The “Gabriel Writer” has printed the 3rd installment of “Chapter Play.” You can catch up on the whole story here: Chapter Play

I hope you enjoy it


ChapterIII: In which the hero is betrayed.

“Where am I?” Carl’s voice is a raspy whisper.

“St. David’s hospital.” The nurse smiles. She’s attractive in a 1940’s way. Her long brown hair is pulled back into a bun and she has sharp blue eyes. “The firemen pulled you out just in time. Do you remember?”

“A little.” He wheezes and starts coughing.

“Easy, you sucked down a lot of smoke.” She pats his back. “You’ve also got a minor fracture in your left ulna, a pretty bad gash on your head, and a 2nd degree burn on your leg.”

“What about my house?” Carl examines the cast on his left arm. It hurts but he can bear it.

“They said over half of it was destroyed before the fire could be put out. I’m so sorry.” She rubs his shoulder.

“Half a home is no home at all.” Carl grumbles.

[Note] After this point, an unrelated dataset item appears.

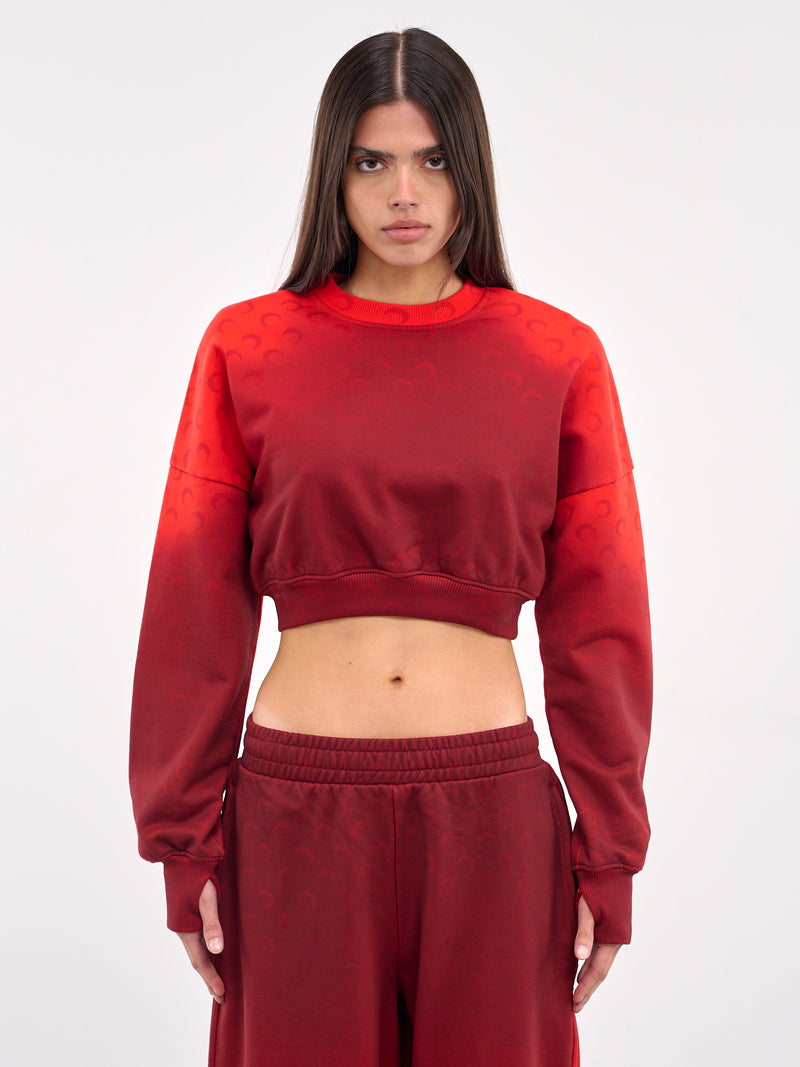 Moon Faded Gradient Crop Sweatshirt (WST012A-CJER0073-RED)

“My father used to say the same thing. But I think he had something else in mind.” She smiles. Her kind eyes take him by surprise and he smiles in spite of himself.

“Carl McGavin, it’s been a while.” Carl looks up and sees two police officers standing by the door. The older one, Carl recognizes, but his partner looks like a rookie. “It’s Matt Richards, and this is officer Burke. How ya doin there?”

“I’ve been better.”

“You’ve looked better, but not by much,” Richards smiles.

“I’ll leave you guys alone.” The nurse excuses herself. “Make it quick, he’s still weak.” She says to Burke on her way out. He ignores her.

“Mr. McGavin, we need to discuss the events surrounding July 2nd and the fire at 2005 Maize Bend Drive. Your home, correct?” Officer Burke says, reading from his notebook.

“Vincent’s very professional. He means, what happened yesterday, Carl?” Richards nudges his young partner.

“It’s Officer Burke,” Vincent glares at Richards. “We just need the facts, Mr. McGavin.”

“I don’t remember much. One minute I was working in my office. The next, I was lying on my kitchen floor, bleeding. There was an explosion. Maybe a gas main.” Carl coughs again.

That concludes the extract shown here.